Automatic cars are well on the way to becoming a reality.

ST. PETERSBURG - One day in the not-so-distant future, you will likely get in your car and it will drive you, hands free.

“It's amazing how quickly this technology is coming online,” said St. Pete state senator Jeff Brandes.

Brandes is a big proponent of automated cars. Last week, he rode inside of an Uber in Pittsburgh – the first city where the ride-sharing company rolled out the new self-driving technology.

Brandes said they have about 100 cars on the road so far.

“After a while you just get kind of comfortable with it, and very used to the fact that the car is driving very, very well.”

During his experience, a driver was in the front at all times and only touched the steering wheel once. 

“I think people are going to get very comfortable with the fact that these cars are going to be able to drive safer than a human driver,” Brandes said.

There have been some issues reported with the cars in Pittsburgh. One man posted to Facebook a self-driving Uber going the wrong way on a one-way street, unsure if it was the driver or technology at fault. And there was another report of a fender bender.

If you feel worried, concerned or anxious about this, you're not alone.

A study from AAA found three of four U.S. drivers are afraid to ride in self-driving cars.

“It was a little freaky to see.

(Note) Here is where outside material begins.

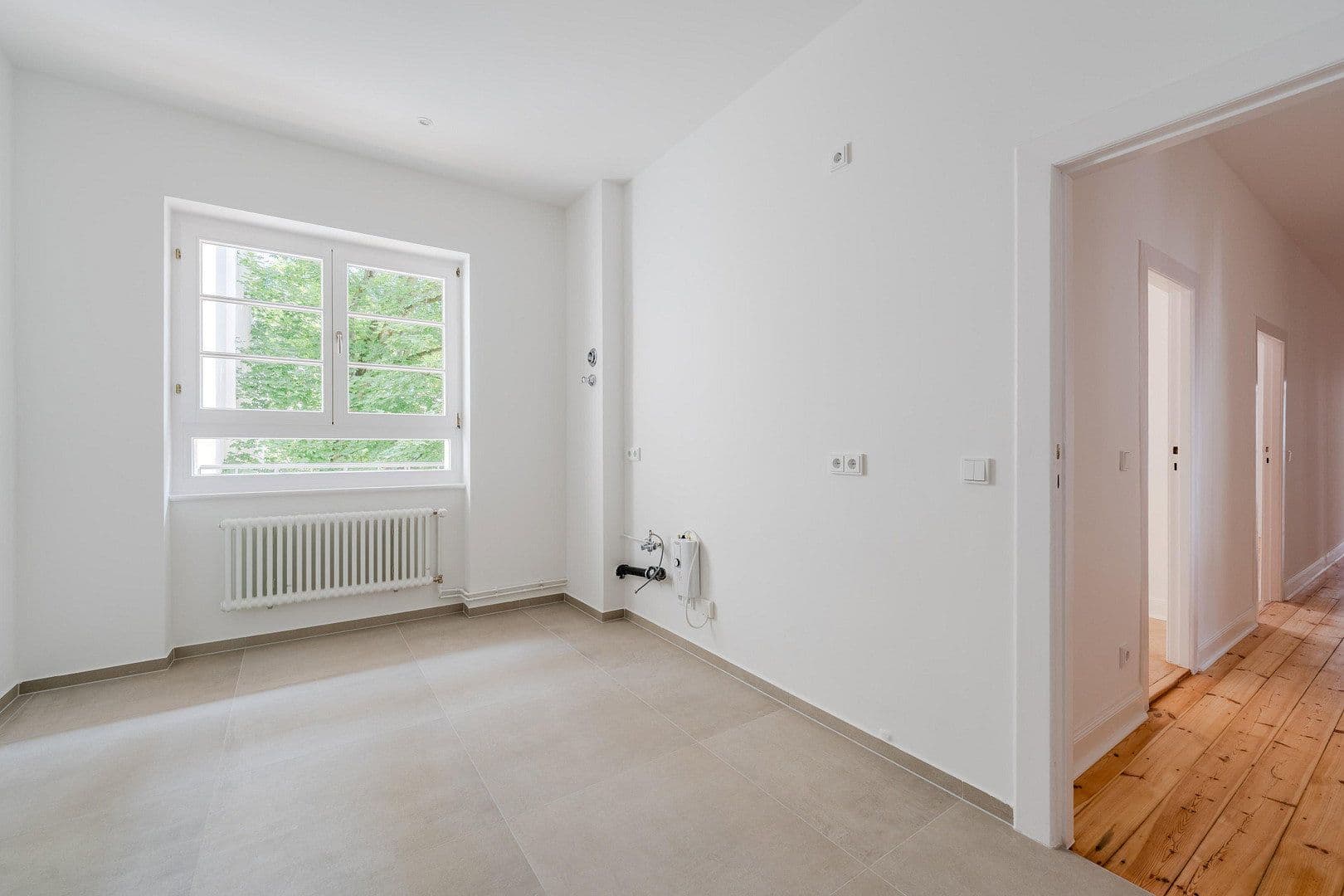 Prodej bytu 4+1 148 m², Düsseldorfer Str. 34, Berlin, Berlín Prodej bytu 4+1 148 m², Düsseldorfer Str. 34, Berlin, Berlín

It's unusual, we're not used to it,” said Vicky Tullman, a Tampa driver.

“But, in my opinion, I think eventually it is the future and it will cut down on driver deaths.”

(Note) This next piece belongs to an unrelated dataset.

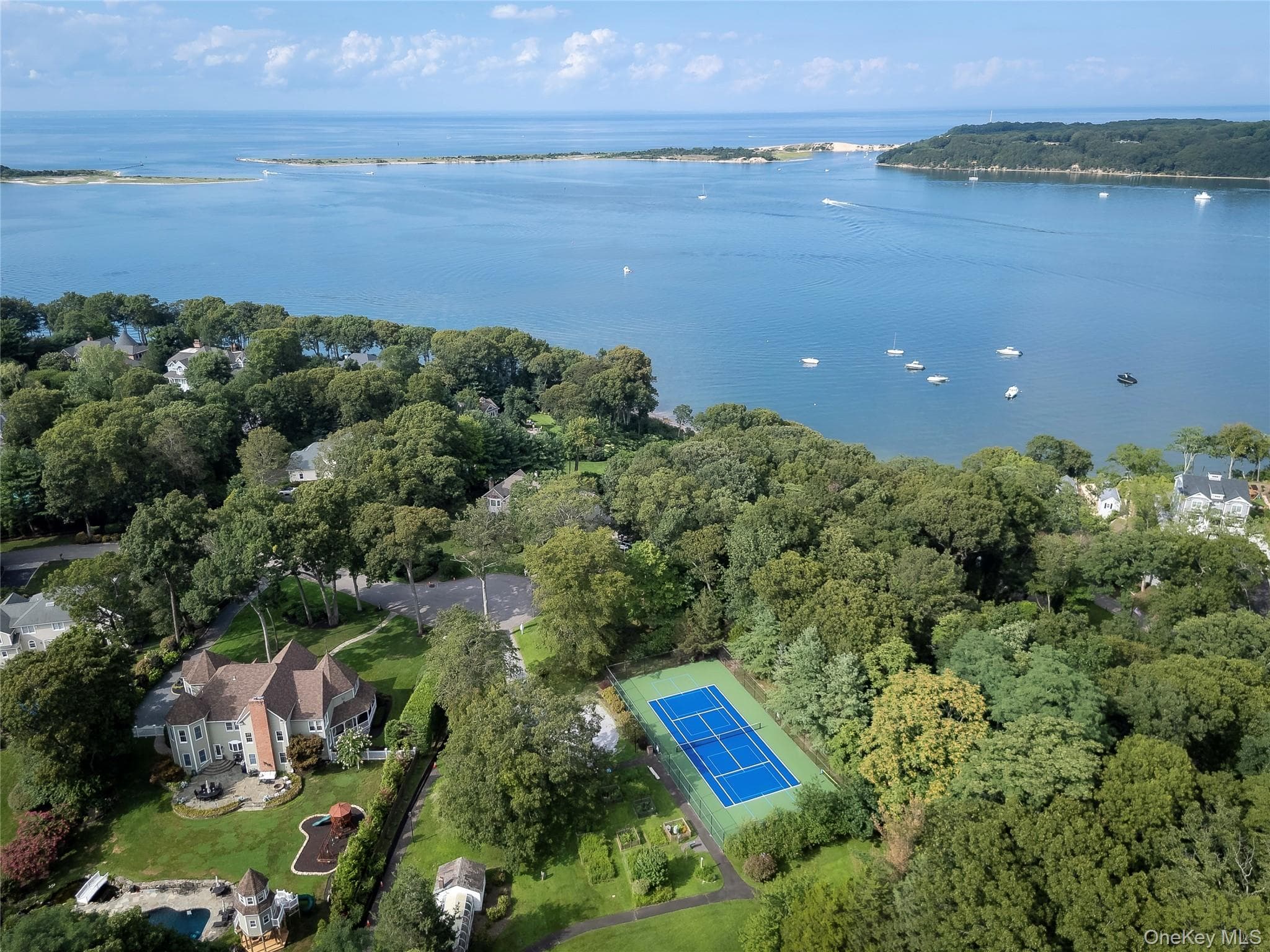 18 Walnut Avenue thumbnail 30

“I remember some Arnold Schwarzenegger movie I saw when I was a kid and he's driving down the road paying no attention, just set it to go there, I always thought it was a great idea, very cool,” said Michael Schafer, another Tampa driver.

“So, seeing somebody actually do it and not just hearing 'Oh it's the future,' is really cool to see that.”

While there's serious concern, some auto experts have insisted the technology will save lives.

“I think it's important to realize that 94 percent of all accidents are caused by human error,” Brandes said.

“I truly believe my kids may never learn to drive.”